Over the horizon line, airplane engines are heard - a three-wing and a two-wing airplane fly overhead, close to the house and toward the gazebo. One of the planes appears to have engine trouble, so the planes land nearby and taxi up to the house. Abby is thrilled by the approach of the brightly-colored machines. The three fliers are members of an Italian vaudeville troupe, led by an emotionally-high-strung man (Richard Libertini), a belly dancer (Sahbra Markus), and a midget wrestler (Frenchie Lombard). That evening, they perform a slapstick show with a gorilla outfit, and the belly dancer performs in front of a backdrop of the Taj Mahal. They also project Charlie Chaplin's silent film, The Immigrant (1917), accompanied by one of Linda's most fractured, confusing narratives:

(Linda's voice-over) Just when things were about to blow, this flying circus come in. After six months on this weed patch, I needed a breath of fresh air. They were screamin' and yellin' and boppin' each other. He, the big one, pushed the little one, and said, 'Come on, I started, you stop.' The little one just started in. If they couldn't think of a good one to comeback with, they'd start fightin'. The little one said, 'No, I didn't do this.' The big one said, 'Yes, you did do this.' You couldn't sort it out. The Devil just sittin' there laughin'. He's glad when people does bad. Then he sends them to the snake house. He just sits there and laughs and watch, while you're sittin' there all tied up and snakes are eatin' your eyes out. They go down your throat and eat all your systems out.

In the gazebo, Bill whispers to Abby about his pent-up feelings for her:

Bill: You're usin' me, you know. You're drivin' me crazy. I don't know if I'm comin' or goin'.
Abby: You never did.

As he returns to the gazebo, the farmer looks on and sees the two silhouetted figures behaving indiscreetly - and it angers him. Realizing that their sibling relation is a fraudulent farce, he swipes away his medicine bottles from his night table.

(Linda's voice-over) I think the Devil was on the farm.

In the morning, the farmer yanks the covers off of Abby and demands an explanation for the previous evening's indiscretion between a supposed brother and a sister. She dismisses his jealousy by arguing that times have changed:

Farmer: What's goin' on?
Abby: What's the matter?
Farmer: You know what I mean. (Abby nods negatively) Why do you let him touch you like that?
Abby: What are you talkin' about?
Farmer: I don't know how brothers and sisters act where you come from...
Abby: Did you ever have a sister? (No response) Well, then, who are you to judge?

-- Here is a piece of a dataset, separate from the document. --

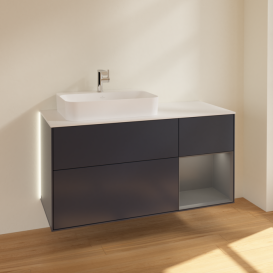 Тумба под раковину Villeroy & Boch Finion 120х50,1 см с подсветкой МДФ темно-синий матовый лак/стекло белое матовое G401GKHG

Scared, Abby jumps from bed and runs off to speak to her brother about the brewing catastrophe: "I've never seen him act like this before. He must think we're awful." Bill disregards the farmer's suspicions: "What do you care what he thinks? You're in love with him, aren't you?" Abby doesn't answer. Her unspoken admiration and feelings for the upright and caring farmer irritate Bill.

As the vaudevillian performers prepare to leave, Bill has packed to take advantage of their transportation. He explains his purpose in leaving to the farmer - to take care of "some business." The planes' engines rev up, take off, and float up into the sky:

(Linda's voice-over) He seen how it all was. She loves the farmer.

During Bill's absence of a few months, the farmer and Abby are relieved and the newlyweds grow closer and come to love each other even more. The winter months approach, with snow on the ground. Wrapped together in blankets, Abby and the farmer are pulled in a red sleigh by a white horse across the snow-covered plains. Indoors, Abby sketches a plaster-model or Roman bust. Outside, Abby and Linda make snow angels on the ground. Abby and Linda begin to enjoy the fruits of life that accompany wealth.

(Linda's voice-over) He taught me keys on the piano and notes. He taught me about the parts of a globe.

In the spring, the land is plowed by a giant tractor to cultivate the soil and plant seed. Seagulls fly into the field in search of grasshoppers and other insects. The farmer holds a handful of seed under his nose and smells its rich aroma. Abby, the farmer, and Linda cavort at night with Roman candles and fireworks on Independence Day. The farmer has laid out the design of a 50-foot boat with white-washed rocks - and he shows off the deck and cabin of the imaginary boat to Abby.